Snapchat has been receiving a lot of attention lately. For the most part, that attention has been filled with skepticism, and with good reason. The company has recently gone through a round of layoffs, halted hiring, left thousands of Spectacles unsold and failed to meet investor's revenue goals since their IPO.

That being said, comparing  Facebook to Snapchat is like comparing apples to oranges, and there are still many lessons entrepreneurs and other tech companies can take away from what Snapchat has done and the principles they embody as a company.

Snap, Facebook and Instagram: What's the Difference? 

The reason so many of us loved hopping on Snapchat is because it's exclusive. It's a private app meant to nurture already existing relationships, not grow an audience, as is done on Facebook and Instagram. 

Snapchat is an app to communicate with close friends in an intimate setting, not the friends we barely knew in high school or our opinionated uncles and aunts. 

Facebook's entire business model is centered around scale, around connecting as many humans as possible, much different than Snap.
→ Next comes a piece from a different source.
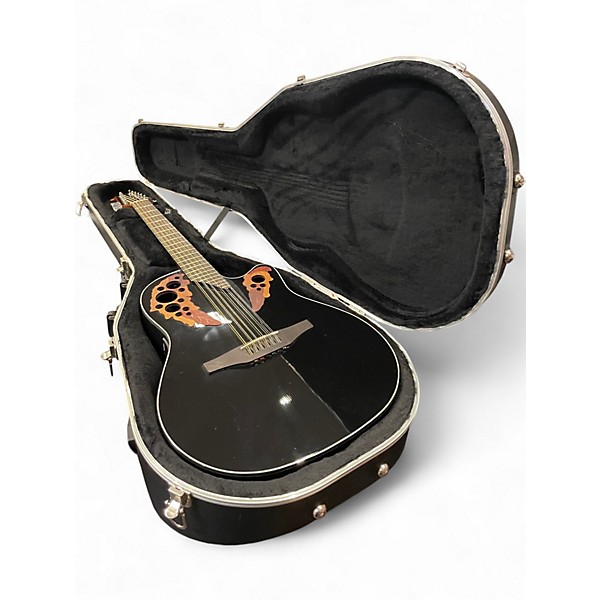 Used Ovation CE4412-5 Black Acoustic Electric Guitar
Snapchat users go on it as an escape from Facebook and other similar networks, where (one could argue) hyper-visibility is slowly chipping away at privacy.
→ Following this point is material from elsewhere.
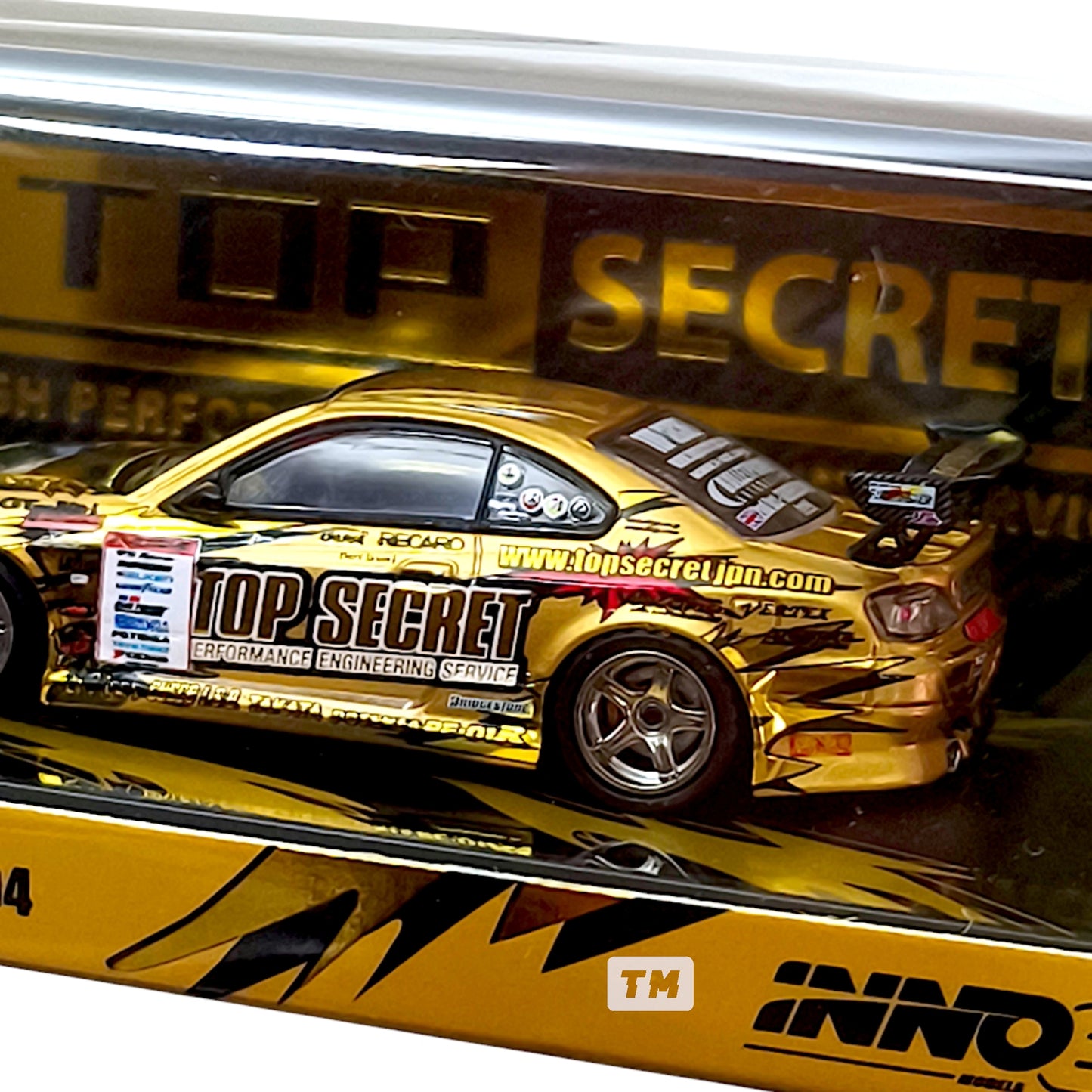 Inno64 Top Secret Silvia S15 Gold D1 Grand Prix Series Champion 2004 IN64-S15TS-D104 1/64 Diecast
Because of this difference, the bigger Facebook (so, Instagram) becomes the more valuable Snapchat becomes to its users. With every extended family member who's swayed by Facebook to create an Instagram account, Snapchat becomes more attractive. Why? Because it's a place users can still shamelessly be themselves without worrying what their grandparent or their dad is going to think about it.
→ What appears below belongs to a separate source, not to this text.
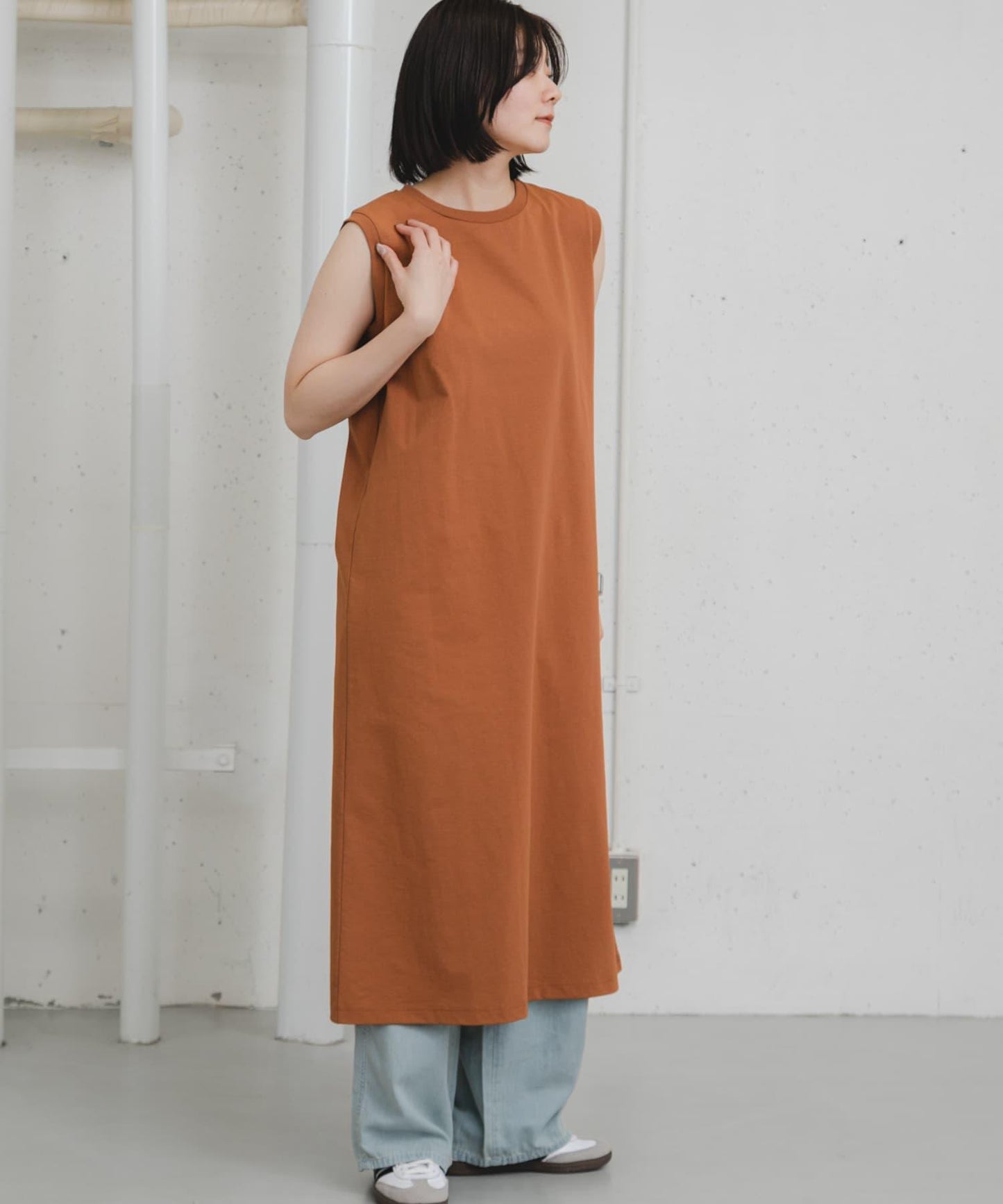 「吸水速幹/防紫外線」DRY OUT無袖連衣裙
This contrast is the reason why Snapchat and Facebook aren't Pepsi and Coke. They aren't Biggie and Tupac. The two aren't Uber and Lyft. They're simply apples and oranges, and entrepreneurs can learn a lot from both of the social media titans.

Here's What Entrepreneurs Can Learn From Snapchat

1. Stick to What Makes You Unique

Every innovative business has products or services to differentiate themselves from their competitors. For these type of companies, the moment they begin to stray away from the things that make them unique, they put themselves in a precarious position.

So far, Snap has stuck to their uniqueness well.They've avoided comparing themselves to Facebook or being influenced by the moves Mark Zuckerberg makes. In terms of being a social media app centered around privacy and exclusivity versus hyper-visibility, they know they're different and they embrace it.

Your customers love the things that make you different. If they didn't, they wouldn't have been your customers in the first place. Cater to them and only them. Don't pay attention to the outside noise. Your haters aren't the ones paying your bills.

2. Be Patient and Play the Long Game

"Hardware is going to be an important vehicle for delivering our customer experience maybe in a decade."  - Evan Spiegel, CEO of Snap

The quote above embodies what forward-thinking CEOs do: prepare for the future. Much like Jeff Bezos, Spiegel is no stranger to 'the long game'. The original Snapchat app was so unique that it led some of the biggest tech nerds scratching their heads wondering how to use it. Spiegel also turned down a $3 billion acquisition offer from Facebook, and is already suiting up for commercial augmented reality. 

For your own business, if you invest in the future today, you'll be automatically catapulting yourself ahead of competitors. Be present and live in the moment, but also be sure to be patient. Most of the time, the biggest payouts don't happen overnight. 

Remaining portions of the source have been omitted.